## EXERCISE BRIEF:
In the data below, find the line containing "46-913 (4.75ug/ml) staining"; transcribe it and each line after it exactly, through the last, skipping pictures.

## INFORMATION PROVIDED:
━━━━

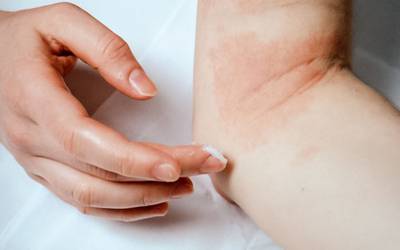 Cientistas testam nova maneira de tratar eczema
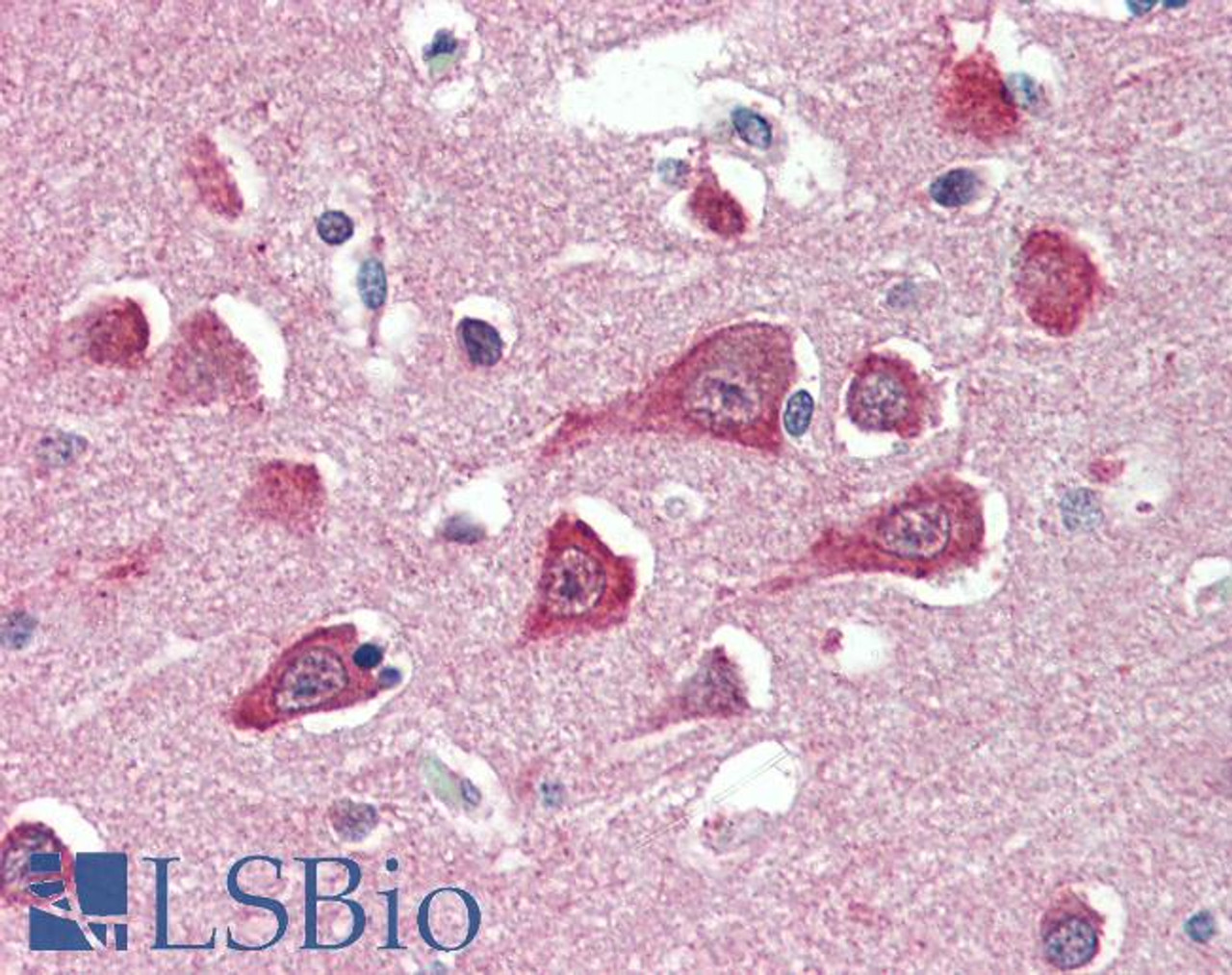 46-913 (4.75ug/ml) staining of paraffin embedded Human Placenta. Steamed antigen retrieval with citrate buffer pH 6, AP-staining.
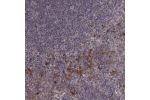 Immunohistochemical staining of human tonsil shows strong cytoplasmic positivity in subset of non-germinal center cells.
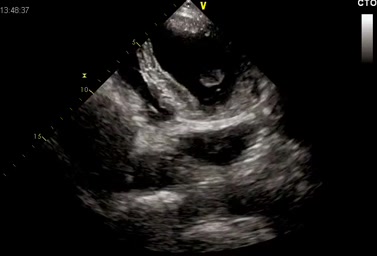 Persistenza della vena cava superiore sinistra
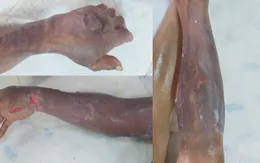 Trị liệu oxy cao áp hiệu quả cho bệnh nhân bị bỏng xăng nặng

━━━━

## SOLUTION TO THIS TASK:
 46-913 (4.75ug/ml) staining of paraffin embedded Human Placenta. Steamed antigen retrieval with citrate buffer pH 6, AP-staining.
 Immunohistochemical staining of human tonsil shows strong cytoplasmic positivity in subset of non-germinal center cells.
 Persistenza della vena cava superiore sinistra
 Trị liệu oxy cao áp hiệu quả cho bệnh nhân bị bỏng xăng nặng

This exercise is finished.